The sentiment was echoed by Jessie Thornton, an activist with Never Again Action. “You tell us you will work for us and our rights to get our families who can vote to vote for you,” said Thornton. “And then when they say immigration is too controversial, you do nothing. Three months from now, [Democratic candidates] will make more promises. But we will not believe you until you deliver on the promises you made two years ago.”
Patrick Juley, a Hatian immigrant who experienced being arrested under the 287(g) program, also testified. “Not only is the administration neglecting the basic dignity and humanity of immigrants across the country, the entire milk industry in Wisconsin depends on immigrant labor,” said Juley.

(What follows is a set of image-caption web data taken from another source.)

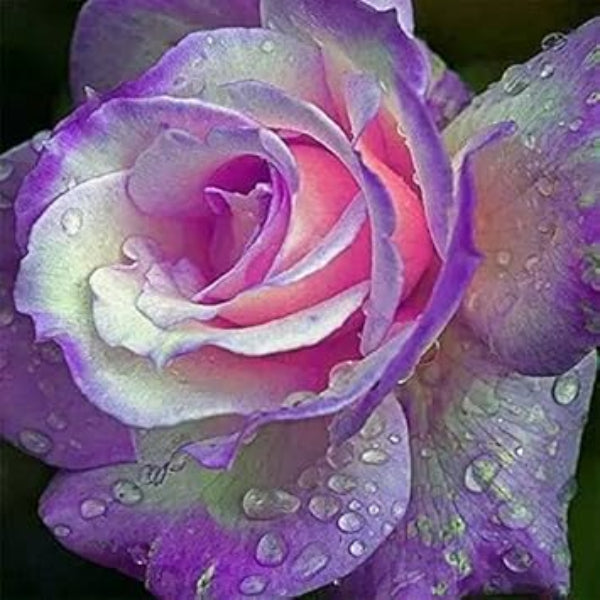 Purple & Pink Rosa spp. Seeds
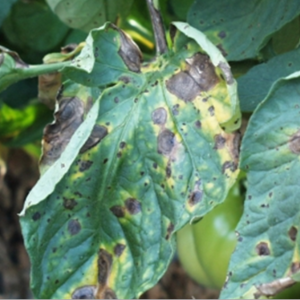 the early blight of tomato disease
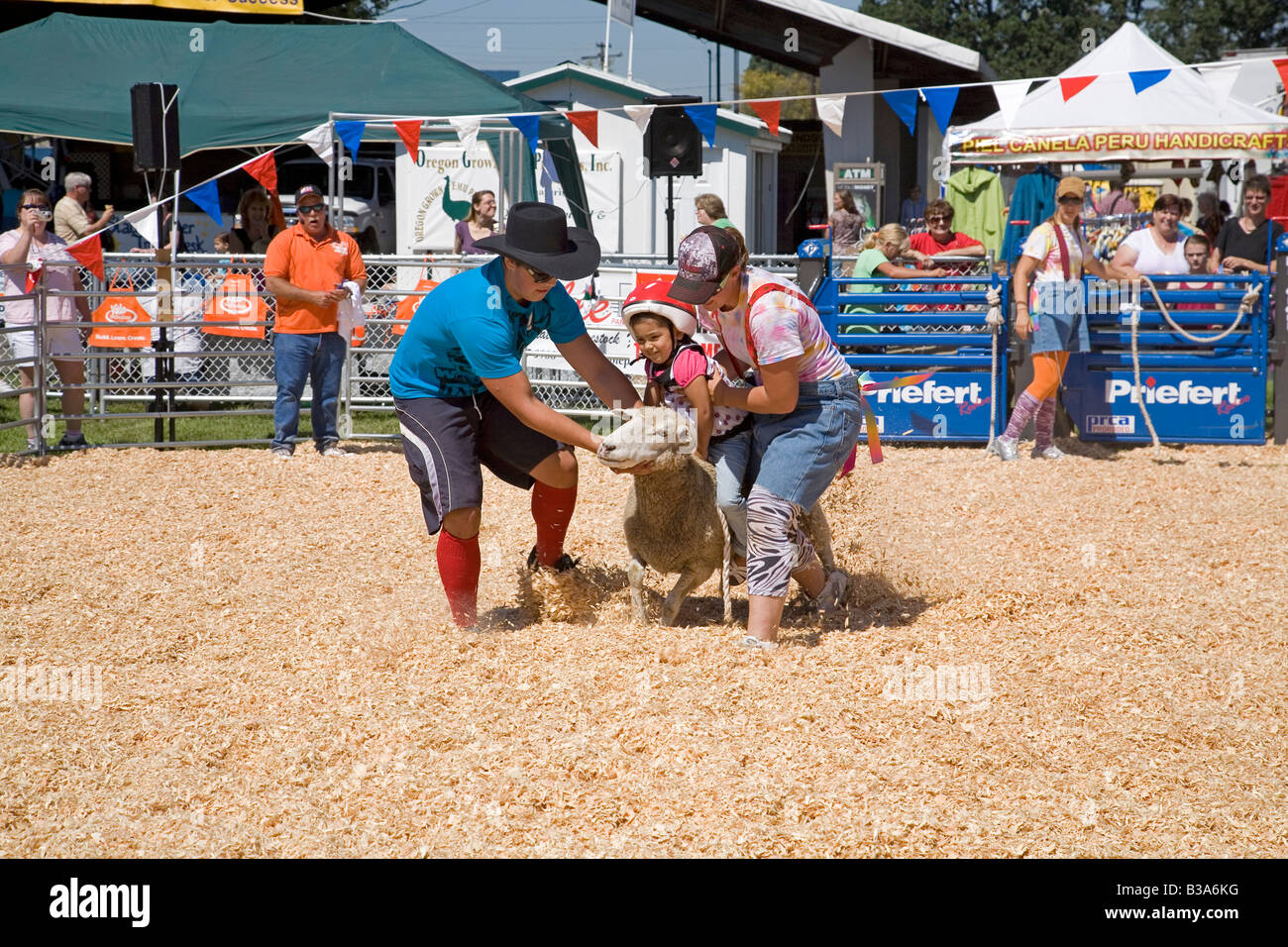 A little Hispanic girl wearing a crash helmet rids a sheep in a small kid s rodeo at the Oregon State Fair Stock Photo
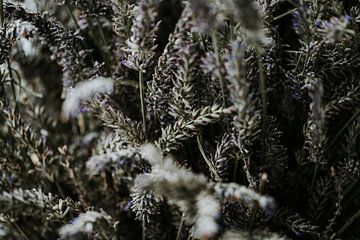 Gedroogde lavendel close up foto | Nederland (Holland)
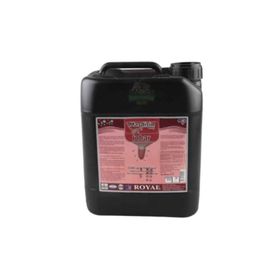 Royal 20 lt Masdisin İobar
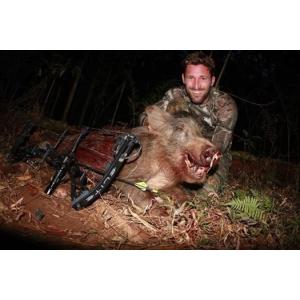 Buy cheap High Accuracy Carbon Hunting Arrows , Carbon Fiber Target Practice Arrows from wholesalers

Neumann-Ortiz said she understands the anger and resentment shadowing the failure of immigration reforms to pass. Nevertheless, she also said that bridges haven’t been completely burned.
“What people need to see is that we have an administration that is really championing the rights of immigrants and refugees,” she told Wisconsin Examiner, “and is really pushing back against the kind of scare tactics and hatred that the far right, Republicans, that they run on, both in rhetoric, and action.”
Neumann-Ortiz stressed that elections matter, and now isn’t the time to wilt. “However, I think it is a mistake not to hold the Democrats accountable for being strong champions for immigrant rights and refugee rights,” she said. The Monday action, Neumann-Ortiz said, was meant to send the message that 287(g) could end immediately if Biden ordered it. “It’s a necessity for us to push back against far right extremism, but at the same time hold Democrats accountable for being strong champions for the solutions that we need. And to act boldly.”